Als mit der russischen Invasion am 24. Februar die deutsche Botschaft in Kiew geschlossen wurde, stellte sich die Frage, wie und ob junge Ukrainerinnen und Ukrainer in Zukunft Au-pair in Deutschland werden konnten. Der Vorstand der Gütegemeinschaft Au pair fragte Anfang März beim Auswärtigen Amt an, ob Jugendliche die Möglichkeit hätten, das Au-pair-Visum ausnahmsweise in Deutschland bei der zuständigen Ausländerbehörde zu beantragen.
Als Familienmitglied auf Zeit die Trennung von der Heimat überwinden
Mit der Eskalation des Krieges stieg die Zahl der in Deutschland ankommenden Flüchtlinge. Ehemalige Au-pairs kontaktierten ihre alten Gastfamilien und wurden dort - zum Teil mit ihren Verwandten – beherbergt. Für junge Ukrainerinnen und Ukrainern unter 27 bot sich ein Au-pair-Aufenthalt an, wenn sie die Voraussetzungen dafür erfüllten. Sie würden im besten Fall bei einer deutschen Familie Geborgenheit erleben, Sprach- und Kulturkenntnisse erweitern und ein reguläres Gap Year zwischen Schule und Berufsausbildung oder Universität absolvieren, wie es Tausende von Jugendlichen weltweit auch tun.
Eingliederung in den deutschen Arbeitsmarkt angestrebt
Mit Entscheidung des EU-Ministerrates, dass für die Menschen aus der Ukraine die Massenzustrom-Richtlinie aktiviert wird, erhalten die Geflüchteten eine Aufenthaltserlaubnis nach § 24 AufenthG.
In Abstimmung zwischen der Bundesagentur für Arbeit und dem Bundesministerium für Arbeit und Soziales gilt nun Folgendes: „Ein Zweckwechsel in einen Aufenthalt zum Zweck der Beschäftigung ist nur möglich, wenn eine Eingliederung in den deutschen Arbeitsmarkt erfolgt. Die Au-pair-Beschäftigung beinhaltet ihrer Natur nach keine Eingliederung in den deutschen Arbeitsmarkt. Damit ist ein Wechsel von der Aufenthaltserlaubnis gemäß § 24 AufenthG in einen Au-Pair-Status nicht möglich.“
Lange Au-pair-Tradition gebrochen
Zwischen Deutschland und der Ukraine besteht eine lange Au-pair-Tradition, die der Friedensicherung und Völkerverständigung dient. Die Ukraine gehört spätestens seit 2009 zu den Top-3-Entsendestaaten von Au-pairs. In manchen Jahren kamen knapp 1.000 junge Ukrainerinnen und Ukrainern, um in deutschen Gastfamilien Kinder zu betreuen und eine fremde Kultur zu erleben.

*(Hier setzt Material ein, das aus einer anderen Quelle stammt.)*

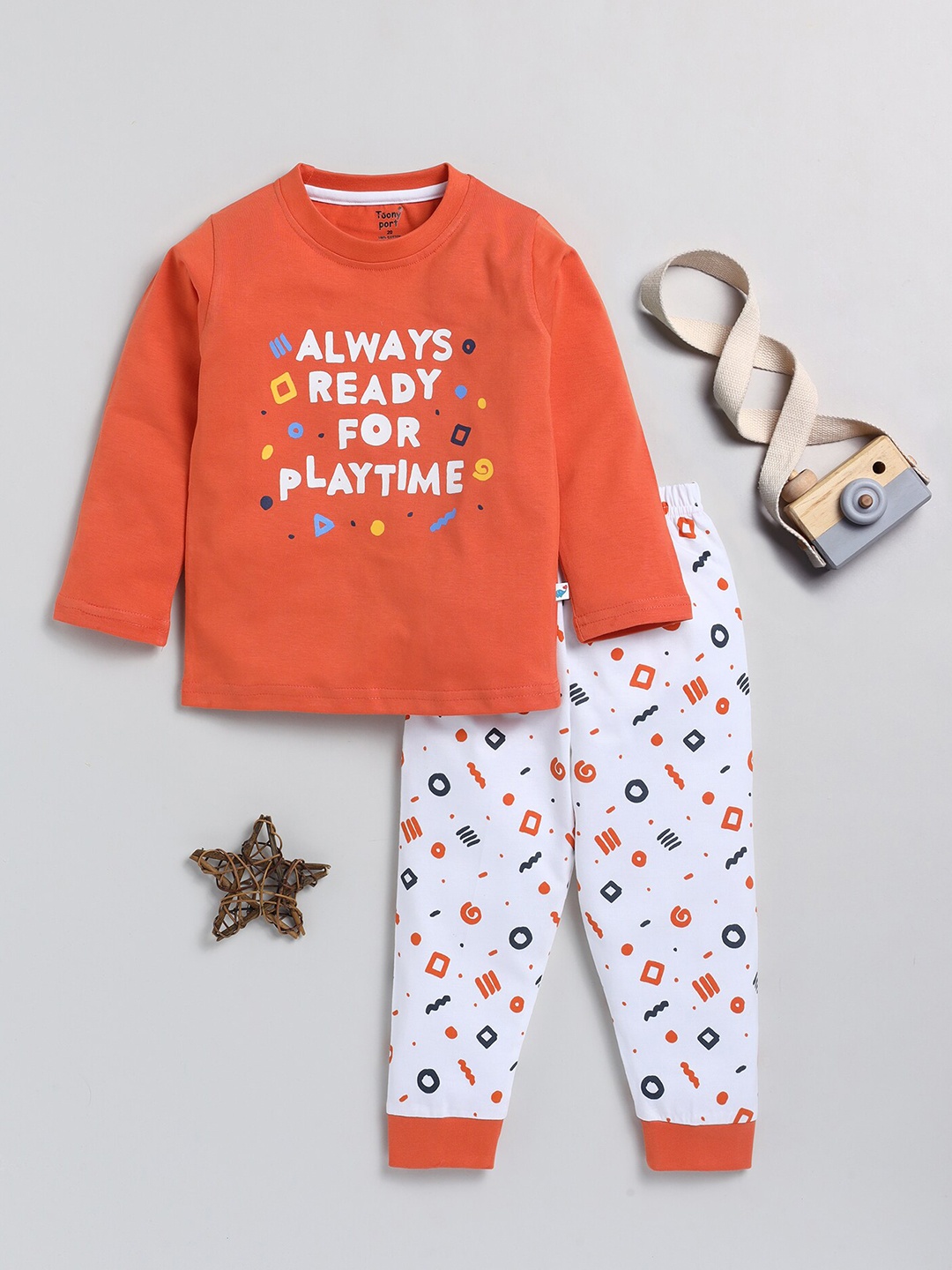

Toonyport Girls Printed Pure Cotton Sweatshirt With Joggers, Orange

Bei allem Verständnis für die Entscheidung zugunsten einer sozialversicherungspflichtigen Beschäftigung bleibt auf Seiten vieler Au-pair-Agenturen ein Wehrmutstropfen: Sie haben mit jungen Menschen zu tun, die sich einen Au-pair-Status gewünscht hätten. Diese wären nach ihrem Au-pair-Jahr in die Heimat zurückgekehrt, um dort Ausbildung oder Studium zu beginnen oder fortzusetzen. Die Hoffnung auf ein baldiges Ende des Krieges hegen noch viele trotz der attraktiven Möglichkeiten am deutschen Arbeitsmarkt.